Are businesses allowed a tax deduction on a residential home loan, or are most businesses forgoing a tax deduction they would otherwise receive if they had a business loan?
Yes they can claim full tax deductibility for any borrowing for business purposes. The security is not the defining factor, it's the purpose. Now don't get confused here, if you go to your bank and ask for a loan for home renovations, but instead invest the money into your business, it is fully deductible, and the money trail will confirm that for the ATO.
Veritas
30 Aug 2015, 03:04 PM
Its hard to understand when you keep offering non-responses to the data which shows that:

Almost 2/3rd of the book for Australian banks are loans against residential property.

You say some of this is, in fact, business lending.

The IMF says otherwise.

Credit Suisse says otherwise.

The RBA says otherwise

APRA says otherwise.

Why the lies?

They actually confirm what I am telling you, but you can't see it.

Not the IMF or the others contradict what I have told you.
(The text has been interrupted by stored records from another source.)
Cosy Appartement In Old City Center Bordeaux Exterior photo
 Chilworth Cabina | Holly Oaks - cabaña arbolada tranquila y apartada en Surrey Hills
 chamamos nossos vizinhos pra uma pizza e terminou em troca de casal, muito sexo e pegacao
Their data only reflects loans against residential security, which is the dominant class of property held by small business owners and investors.

Banks are lenders who require bricks and mortar as security, and that has always been the case.
Loki
30 Aug 2015, 05:04 PM
The company I work for has no debt. None. They are completely self-funded. How do they do business?

My cousin's small business was started with family money. No debt involved. How is that possible?

In a discussion where the suggestion is that lending for housing is crowding out lending for business, you give me two examples where no lending was required for the business.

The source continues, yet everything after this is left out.